In addition to following a healthy diet and incorporating important heart-healthy nutrients, you must also exercise to maintain the health and proper function of your heart. Exercise can help you prevent as well as reverse heart disease.
According to the American Heart Association, you should include a minimum of 30 to 60 minutes of moderate intensity exercise, three to four days a week.
Why is exercise so important?
Many studies have proven conclusively that making improvements to and maintaining your physical fitness will significantly lower your risk of developing heart disease and all other illnesses. Put simply, regular exercise keeps your body in a healthy condition, and a healthy body can ward off disease much better than an unconditioned one.
Let’s take a look at the various types of exercise and why it can improve your health:
The word aerobic means “oxygen-producing”, and as such aerobic exercise stimulates the production of oxygen. Aerobic exercises include those where you are in motion including walking, running, biking, swimming, etc., exercises which make your heart rate increase for an extended period of time.
When your heart rate increases, this means more blood is being circulated around your body, providing necessary oxygen to your cells and tissues. Regular aerobic exercise is very important for maintaining heart health.
Anaerobic exercise comprises short-lived, intense bursts such as sprints and weight lifting. Whereas aerobic exercise is best for cardiovascular strength and endurance, anaerobic exercise is best for muscle strength and flexibility. This will help you maintain your health and avoid injury.
Should you do aerobic or anaerobic exercise?
Although it depends on the time you can allot to exercise each day, we recommend a combination of aerobic and anaerobic exercise if possible. This way you can improve your cardiovascular health as well as increase your muscle strength. Adding stretching to your routine will also warm up and loosen your muscles so you can avoid injury.
Following are the many benefits of a regular exercise routine. It’s easy to see why exercise is so important:
1. Improving cardiovascular efficiency – heart & lung functioning.
2. Improving strength and endurance.
3. Increasing energy levels and metabolism.

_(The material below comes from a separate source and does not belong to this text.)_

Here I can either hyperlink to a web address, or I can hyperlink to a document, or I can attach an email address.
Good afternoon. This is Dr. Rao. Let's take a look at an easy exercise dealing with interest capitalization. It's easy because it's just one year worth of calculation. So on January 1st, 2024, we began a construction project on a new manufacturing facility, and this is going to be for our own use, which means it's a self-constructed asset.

4. Relieving stress and tension.
5. Increasing range of motion and flexibility.
Cardiovascular Disease and Fitness – Some Tips to Follow
1. Before you start any exercise program, consult your physician to make sure you don’t have any heart conditions or other health problems that might prevent you from safely performing certain exercises. Your physician also might be able to recommend a program that is right for you.

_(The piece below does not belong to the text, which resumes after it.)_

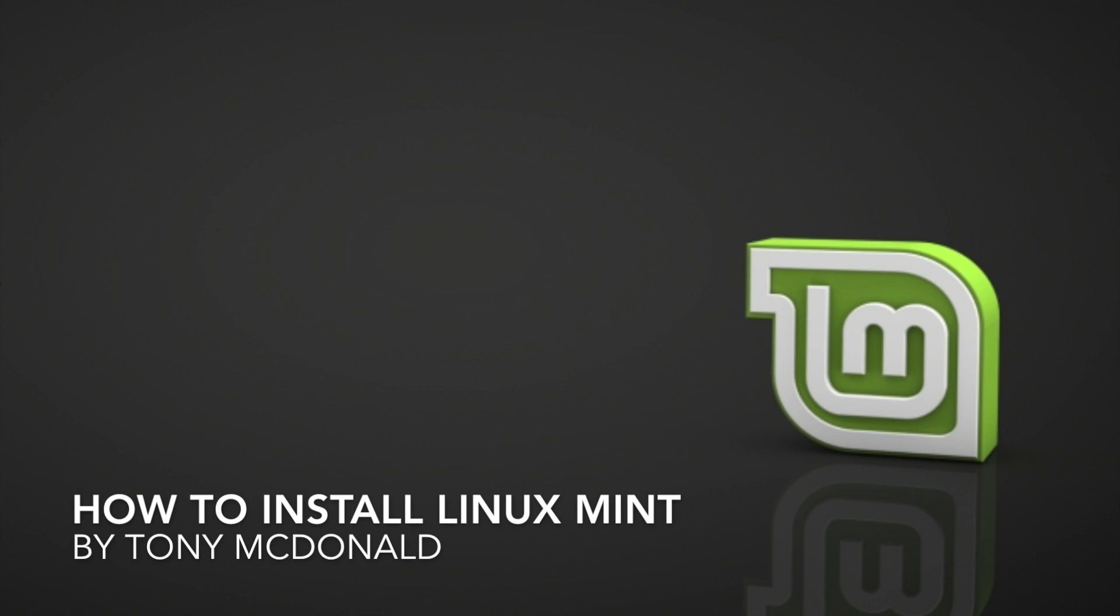Hello. In this video I will show you how to install Linux Mint and very briefly show you around Linux Mint at the end.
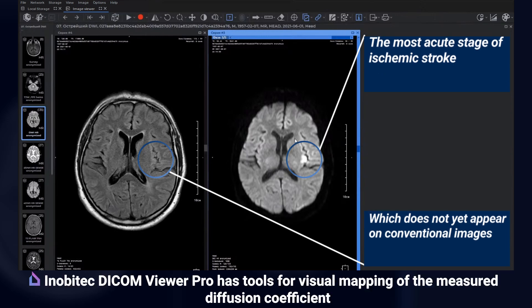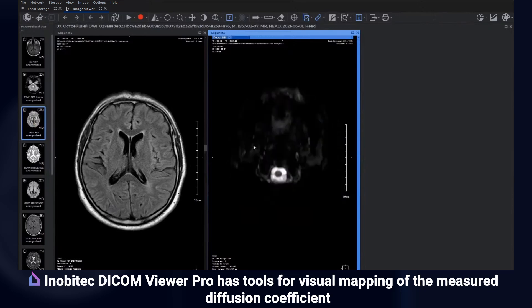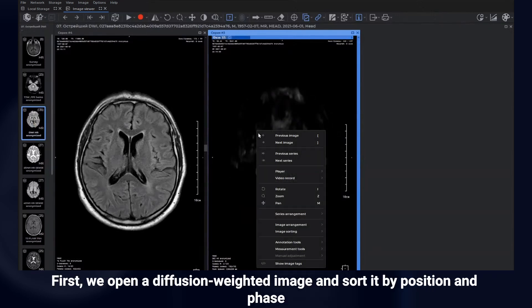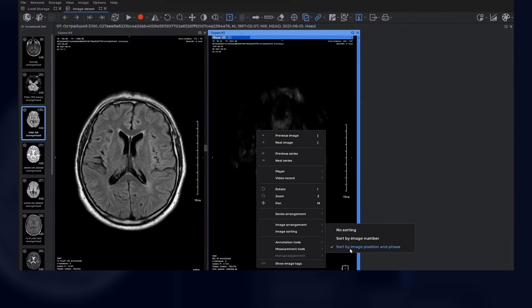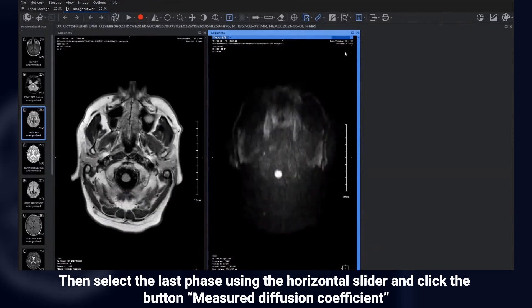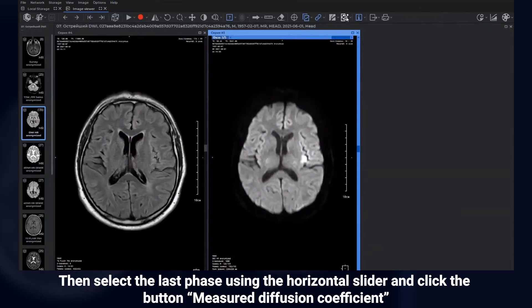Inabetech DICOM Viewer Pro has tools for visual mapping of the measured diffusion coefficient. First, we open a diffusion-weighted image and sort it by position and phase. Go to the image sorting menu and select sort by image position and phase. Then select the last phase using the horizontal slider and click the button 'Measure Diffusion Coefficient'.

2. Set aside time each week to exercise, and make sure you are consistent. Try to work out at least 30 minutes, 3-4 times per week, with a combination of aerobic and anaerobic activities (i.e. running on the treadmill and lifting weights).
3. Start slow! Don’t rush into an exercise program. Rather, take your time and ease into it, increasing your time, intensity and/or weights gradually as you go along. You will see much better results like this, rather than going overboard with it.

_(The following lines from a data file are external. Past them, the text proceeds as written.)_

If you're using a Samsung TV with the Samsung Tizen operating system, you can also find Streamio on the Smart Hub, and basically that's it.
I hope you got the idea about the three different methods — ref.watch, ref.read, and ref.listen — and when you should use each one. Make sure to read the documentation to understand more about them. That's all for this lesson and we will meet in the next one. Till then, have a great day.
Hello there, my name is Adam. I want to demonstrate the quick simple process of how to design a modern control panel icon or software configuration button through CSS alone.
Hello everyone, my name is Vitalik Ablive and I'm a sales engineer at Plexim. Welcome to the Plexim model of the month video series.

4. Make sure you stretch before and after exercising. It is important that you warm up before you begin any activity, and cool down once you are finished. If you do not adequately stretch your muscles before and after you exercise, you will be much more susceptible to injury or muscle tearing. We recommend 5-10 minutes of warming up before you begin, and at least another 5 minutes of cooling down post workout.
5. Keep water with you at all times, make sure you are hydrated throughout your workout.
6. Maintain a steady workout regimen. Sporadic workouts are not the way to go about it. Stick to a schedule. Also, make sure you maintain a heart healthy diet and include important heart nutrients to improve and maintain your heart health.